Required action: Transcribe only the lines of the listing below from the one holding "Vitória de Guimarães vs SP. Braga" through the one holding "LOCALIZE – screenshot 9", inclusive, without any change.

+ + + + +

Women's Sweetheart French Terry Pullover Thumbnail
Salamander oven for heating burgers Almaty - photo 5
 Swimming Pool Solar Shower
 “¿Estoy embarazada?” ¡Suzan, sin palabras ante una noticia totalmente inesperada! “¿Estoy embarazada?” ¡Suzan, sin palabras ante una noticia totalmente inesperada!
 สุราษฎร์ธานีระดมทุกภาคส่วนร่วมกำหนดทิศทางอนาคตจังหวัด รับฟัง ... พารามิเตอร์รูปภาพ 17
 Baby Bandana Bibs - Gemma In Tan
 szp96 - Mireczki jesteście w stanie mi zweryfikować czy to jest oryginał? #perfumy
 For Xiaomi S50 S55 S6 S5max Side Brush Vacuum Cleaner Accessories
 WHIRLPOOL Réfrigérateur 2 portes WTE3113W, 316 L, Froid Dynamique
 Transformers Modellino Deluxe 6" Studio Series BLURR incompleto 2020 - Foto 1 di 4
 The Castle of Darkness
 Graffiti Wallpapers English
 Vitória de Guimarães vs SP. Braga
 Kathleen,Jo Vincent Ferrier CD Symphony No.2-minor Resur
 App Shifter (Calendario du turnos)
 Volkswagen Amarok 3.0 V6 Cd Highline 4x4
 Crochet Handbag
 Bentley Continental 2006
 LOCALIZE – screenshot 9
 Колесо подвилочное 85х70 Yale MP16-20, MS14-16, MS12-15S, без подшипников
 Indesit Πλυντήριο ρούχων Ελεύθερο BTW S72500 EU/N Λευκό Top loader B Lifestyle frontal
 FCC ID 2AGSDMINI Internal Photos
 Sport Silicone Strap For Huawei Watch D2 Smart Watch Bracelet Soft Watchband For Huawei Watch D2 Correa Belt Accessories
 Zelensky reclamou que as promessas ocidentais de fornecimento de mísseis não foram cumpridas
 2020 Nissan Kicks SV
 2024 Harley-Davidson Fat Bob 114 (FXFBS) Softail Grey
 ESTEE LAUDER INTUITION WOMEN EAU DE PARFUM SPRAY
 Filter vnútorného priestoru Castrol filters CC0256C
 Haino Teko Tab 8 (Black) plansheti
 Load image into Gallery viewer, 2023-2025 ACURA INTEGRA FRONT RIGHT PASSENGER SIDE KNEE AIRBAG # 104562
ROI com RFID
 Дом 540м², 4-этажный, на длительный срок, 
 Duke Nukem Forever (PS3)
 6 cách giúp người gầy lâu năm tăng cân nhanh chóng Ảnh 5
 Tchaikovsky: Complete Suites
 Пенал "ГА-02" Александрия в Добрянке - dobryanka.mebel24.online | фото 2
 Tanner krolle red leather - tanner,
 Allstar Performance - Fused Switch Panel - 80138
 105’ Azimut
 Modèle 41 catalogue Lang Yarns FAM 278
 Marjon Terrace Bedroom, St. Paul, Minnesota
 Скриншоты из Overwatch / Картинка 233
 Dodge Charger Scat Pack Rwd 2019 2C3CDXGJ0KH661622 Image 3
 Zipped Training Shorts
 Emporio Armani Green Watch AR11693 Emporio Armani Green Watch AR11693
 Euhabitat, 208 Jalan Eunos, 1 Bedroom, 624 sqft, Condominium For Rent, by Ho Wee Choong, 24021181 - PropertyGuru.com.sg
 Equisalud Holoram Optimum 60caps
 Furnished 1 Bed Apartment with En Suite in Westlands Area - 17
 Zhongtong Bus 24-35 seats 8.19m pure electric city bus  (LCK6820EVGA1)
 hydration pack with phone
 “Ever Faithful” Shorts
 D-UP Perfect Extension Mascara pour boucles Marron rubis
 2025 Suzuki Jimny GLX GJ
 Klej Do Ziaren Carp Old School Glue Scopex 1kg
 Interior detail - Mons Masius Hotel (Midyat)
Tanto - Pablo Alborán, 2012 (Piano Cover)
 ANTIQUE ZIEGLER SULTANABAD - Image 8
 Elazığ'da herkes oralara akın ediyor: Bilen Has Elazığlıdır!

+ + + + +

Reply to the task:
 Vitória de Guimarães vs SP. Braga
 Kathleen,Jo Vincent Ferrier CD Symphony No.2-minor Resur
 App Shifter (Calendario du turnos)
 Volkswagen Amarok 3.0 V6 Cd Highline 4x4
 Crochet Handbag
 Bentley Continental 2006
 LOCALIZE – screenshot 9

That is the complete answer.